TASK DIRECTIONS - Only one stretch of the records below should be repeated. It starts with the line containing "1885 г. Предисловие" and goes on through the line containing "XLGB81801CB1", exactly as written.

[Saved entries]

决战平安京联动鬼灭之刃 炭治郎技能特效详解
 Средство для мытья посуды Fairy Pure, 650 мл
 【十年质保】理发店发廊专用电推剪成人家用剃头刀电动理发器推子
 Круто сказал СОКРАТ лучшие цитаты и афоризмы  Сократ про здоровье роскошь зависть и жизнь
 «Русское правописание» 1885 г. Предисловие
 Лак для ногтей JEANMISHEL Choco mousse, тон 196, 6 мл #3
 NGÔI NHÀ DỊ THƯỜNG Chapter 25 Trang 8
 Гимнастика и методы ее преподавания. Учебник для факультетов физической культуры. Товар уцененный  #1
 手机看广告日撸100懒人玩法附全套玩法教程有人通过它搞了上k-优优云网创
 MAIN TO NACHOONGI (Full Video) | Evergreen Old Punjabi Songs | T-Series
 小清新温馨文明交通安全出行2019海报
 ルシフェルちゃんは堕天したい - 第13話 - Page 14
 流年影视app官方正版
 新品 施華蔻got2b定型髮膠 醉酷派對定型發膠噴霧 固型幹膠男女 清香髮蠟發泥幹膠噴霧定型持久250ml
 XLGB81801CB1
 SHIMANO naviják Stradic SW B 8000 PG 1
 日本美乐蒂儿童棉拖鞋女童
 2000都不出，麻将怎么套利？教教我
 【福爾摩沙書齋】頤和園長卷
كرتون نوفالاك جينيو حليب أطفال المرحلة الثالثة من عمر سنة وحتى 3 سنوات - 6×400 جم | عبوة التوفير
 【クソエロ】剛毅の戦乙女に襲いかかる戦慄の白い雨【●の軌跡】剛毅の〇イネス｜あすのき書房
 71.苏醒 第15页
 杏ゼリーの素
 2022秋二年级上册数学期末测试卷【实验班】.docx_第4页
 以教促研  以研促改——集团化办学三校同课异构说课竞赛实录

ANSWER SECTION -
 «Русское правописание» 1885 г. Предисловие
 Лак для ногтей JEANMISHEL Choco mousse, тон 196, 6 мл #3
 NGÔI NHÀ DỊ THƯỜNG Chapter 25 Trang 8
 Гимнастика и методы ее преподавания. Учебник для факультетов физической культуры. Товар уцененный  #1
 手机看广告日撸100懒人玩法附全套玩法教程有人通过它搞了上k-优优云网创
 MAIN TO NACHOONGI (Full Video) | Evergreen Old Punjabi Songs | T-Series
 小清新温馨文明交通安全出行2019海报
 ルシフェルちゃんは堕天したい - 第13話 - Page 14
 流年影视app官方正版
 新品 施華蔻got2b定型髮膠 醉酷派對定型發膠噴霧 固型幹膠男女 清香髮蠟發泥幹膠噴霧定型持久250ml
 XLGB81801CB1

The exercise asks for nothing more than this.